Nos incrustamos en el sillón
como piedras sucias,
inestables, con la memoria
de algún desgajamiento,
horas martirizadas con latones
que expende el refrigerador
hasta nublarnos, giramos
el cuerpo a medias
que siempre va adelante
con su torpeza, decir
no hay caídas
pequeñas, todas las ruinas
tuvieron un imperio,
o no, mejor aún,
no todo desciende de grandezas,
hay ruinas de lo mínimo,
escombros de algún día
donde no pasó nada
o piedras que taparon sepulcros
para darnos alguna idea de Dios,
indigerible y grueso como el trago
de esta cerveza oscura,
una vida común postrados en la sala,
esperando a que el tiempo lo disolviera todo
hasta dejarnos en una cruz de huesos,
con el ventilador oreándonos
el nido de unicel y de colillas,
mientras afuera ardían catedrales antiguas
y se apagaban dos o tres certezas.
Enorme probabilidad
de que nunca seamos relevantes,
el cielo prototípico, empacado al vacío,
caducidad que entra a la ventana
con sus formas de luz distorsionada
por los cristales rotos, vidrios
por donde el Dios de la Semana Santa
nos dijo que era tarde
y cerrarían el Seven.
Altísimo el estruendo de la risa
hablando de la música sacra
inserta en reguetones de moda,
reír de lo perecedero
y Dios asomándose siempre,
metiche estrafalario,
vestido con un saco de púas para rasgar
el aire y los abrazos
que no son para él
porque nos hiere. Dios,
con sus ojos de huérfano,
jugando a que se cae
y le aplaudimos.
Altísimo el sonido de las bocinas
al tocarnos como estrujando latas de cerveza,
metales que en el tacto dicen
su vocación real, su verdadero imperio
minúsculo, que algún recolector
nunca va a despreciar.
Existe la probabilidad
de que las cosas extraordinarias
les ocurran a otros,
mientras nos preguntamos
si el día de la resurrección,
al juntar nuestras latas,
obtendremos un kilo de aluminio.
Acapulco, México, 1989.
Estudió Lengua y Literaturas Hispánicas en la Facultad de Filosofía y Letras de la UNAM. Ha publicado los libros de poesía A pesar de la voz (2016), Límulo (2016), El viaje y lo doméstico (2017), Búnker (2019), Antibiótica (2019), [nada de cruces] (2022) y El estómago de las ballenas (2024); además del libro para infancias El verdadero nombre de los huracanes (ilustrado por Enrique Torralba, 2023).
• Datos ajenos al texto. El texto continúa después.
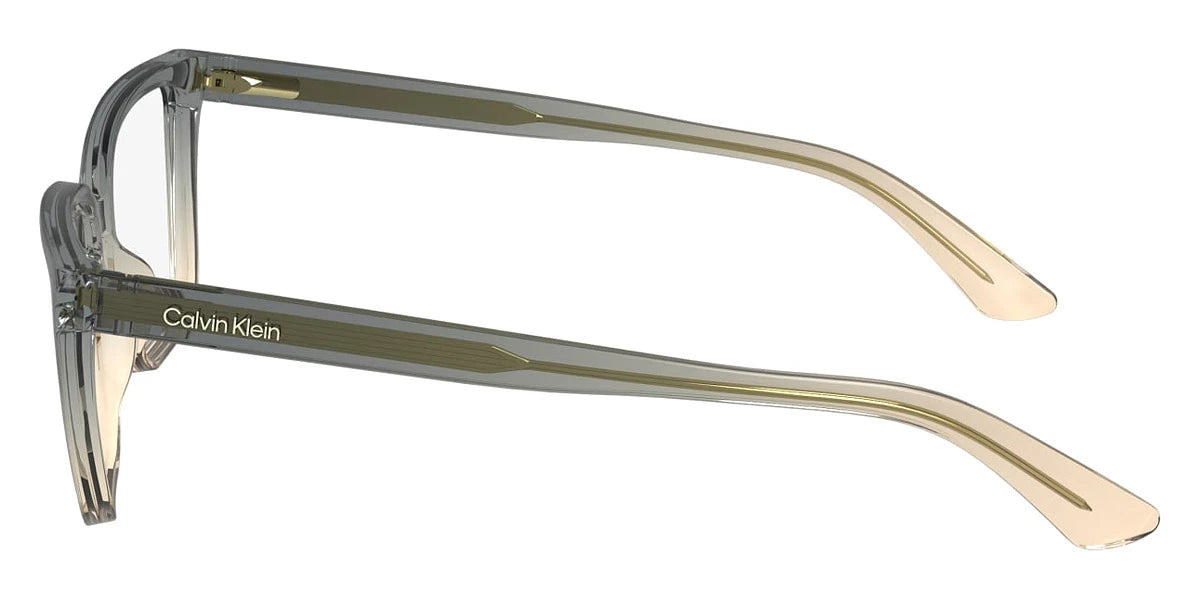 Calvin Klein - CK24524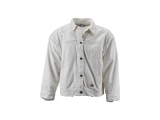 Dickies Jacke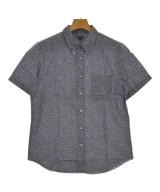 Paul Smith カジュアルシャツ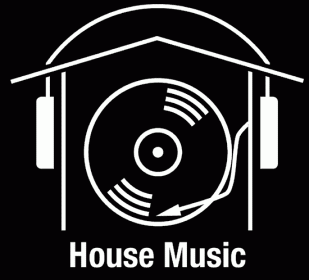 The History Of House ! (1990)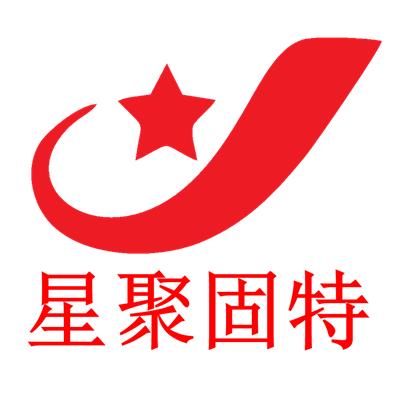 中國孝感漢川市黃頁 名錄 中國孝感漢川市公司 廠家 八方資源孝感黃頁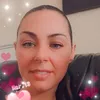sarahwhite708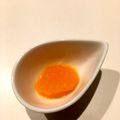 Takyae's cooksnap of when they made 離乳食初期＊フリージング＊人参ペースト.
Recientemente obtuvo el Premio Bellas Artes de Poesía Aguascalientes; ganó el Certamen Nacional de Literatura “Laura Méndez de Cuenca” 2021 en el área de poesía, el Premio Nacional de Poesía Joven Elías Nandino en 2019, el Premio Estatal de Poesía María Luisa Ocampo en 2015, entre otros. Ha sido becario del PECDA Guerrero (2013), del Programa de Jóvenes Creadores del FONCA (2014-2015; 2019-2020) y de la Fundación para las Letras Mexicanas (2017-2019).